Robbery rates plummet following police crackdown on organised city crime

Coventry Editorial 16th Feb, 2016 Updated: 28th Oct, 2016

ROBBERY rates in Coventry have plummeted in the last year as police crackdown on organised crime in the city.

Latest figures released by West Midlands Police reveal a 16 per cent reduction in robberies – including armed shop attacks – between April 2015 and February 2016 compared to the year before.

And the force argues this is thanks to success of Operation Blue Steel.

The initiative, aimed at ramping up pressure on gangs, is a multi-pronged attack on organised criminality in the city – not only pursuing criminals, but working alongside local people and organisations from preventing others from joining a life of crime.

By building up an intricate picture on the lifestyles of suspected criminals, Coventry police are able to find opportunities to disrupt their activity.

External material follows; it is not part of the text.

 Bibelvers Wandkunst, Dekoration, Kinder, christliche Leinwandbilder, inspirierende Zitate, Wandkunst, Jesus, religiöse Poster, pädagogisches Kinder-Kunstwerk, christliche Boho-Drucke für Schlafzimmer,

Coventry Police Chief Inspector Warren Little, said: “We get to know what benefits these individuals are claiming, what cars they drive, links to businesses, where they are living, and people they are linked to.

“It’s enabled us to uncover fraudulent benefit and housing claims – stripping suspects of a revenue stream – and we’ve also identified a number of fraudulent car insurance applications.

Ch Insp Little described how one gang member changed his age, occupation and marital status four times on insurance forms before he was caught for fraud and banned from driving.

Last September, another man was jailed for conspiracy to burgle homes in Warwickshire after information supplied to Operation Blue Steel showed he was driving a scrap metal van without the appropriate works licence.

Detectives discovered the 32-year-old was using the scrap van as a front to scope burglary targets and he was later given a 40-month prison sentence for conspiracy to commit burglary.

Ch Insp Little, added: “We’re looking for intelligence that points to criminality: it could be someone declaring minimal income from a business but who’s driving around in a luxury car and lives in an expensive home.

“We’ll make all sorts of checks to ensure they are operating legally… and if we can unearth any information suggesting otherwise it affords us an opportunity to delve deeper.

“The partnership has worked brilliantly for Blue Steel and it’s a model West Midlands Police is looking to replicate across the force area.”